Monday, May 27, 2013

KS&L 281 Are We Creating War? A Memorial Day Perspective by Tina Erwin


We tell people to make love, not war, but we see people who supposedly love each other kill each other in their own homes. We are, as a civilization, exceptionally hypocritical and profoundly violent.
         We fight with our neighbors, our friends, co-workers and families. We are the microcosm of war on a day-to-day basis. Is it any wonder that governments struggle with the macrocosm of crazy leaders fighting other crazy leaders? We even fight each other politically, but blessedly, in the United States, without overt violence.
However, we do engage in ‘dirty tricks’ in national and business politics. The first casualty is always the truth. First we distort the truth, so that it looks like something else and then we pretty much finish it off, by making something that starts out as good into something horrible. We have so distorted the truth that we have no idea what to believe anymore.
Television networks, which condemn cries for vengeance in other countries, think nothing of airing shows, which promote vengeance among teenagers, business people and neighbors. It sells product because people love conflict. Are we teaching our young people that vengeance is an acceptable behavior?
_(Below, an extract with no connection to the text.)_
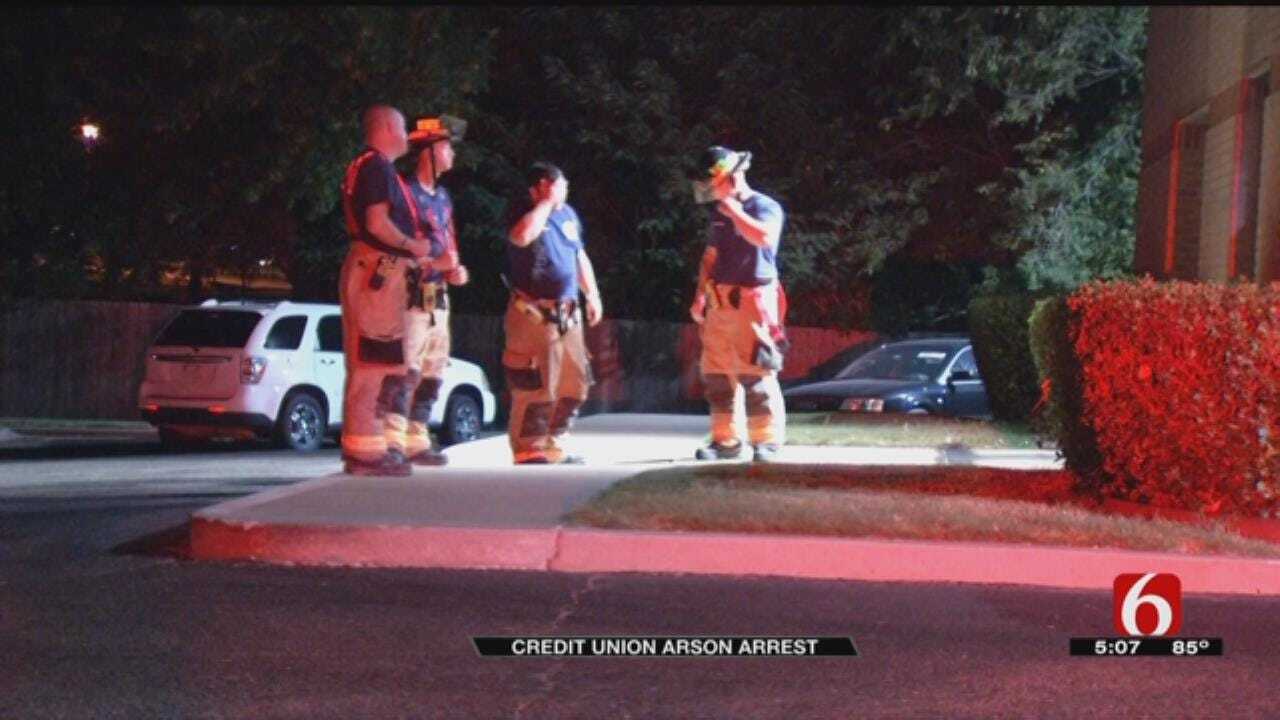Suspected Arsonist Arrested After Two Fires Set At Tulsa Credit Union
We cry and demonstrate against military deaths, as if death were somehow surprising. People live and they eventually have to die of something. People look at numbers and are horrified, without realizing that in an average year, the entire United States military, all services combined, has roughly 2200 people die per year, when we are not at war.  Contrast that statistic with the fact that over 6,000 young people die each year when they go to college: six thousand. In the last six years, 36,000 kids died in college where they were supposed to be safe. No one is upset about that statistic. Contrast this with the six years of the Iraq war, where four thousand people have died in that conflict. Horrible, heart wrenching as it is, in six years, that number is still dramatically lower than one year of deaths in college. It is chilling to consider that a young person statistically is safer in the military than in college, even when we are at war.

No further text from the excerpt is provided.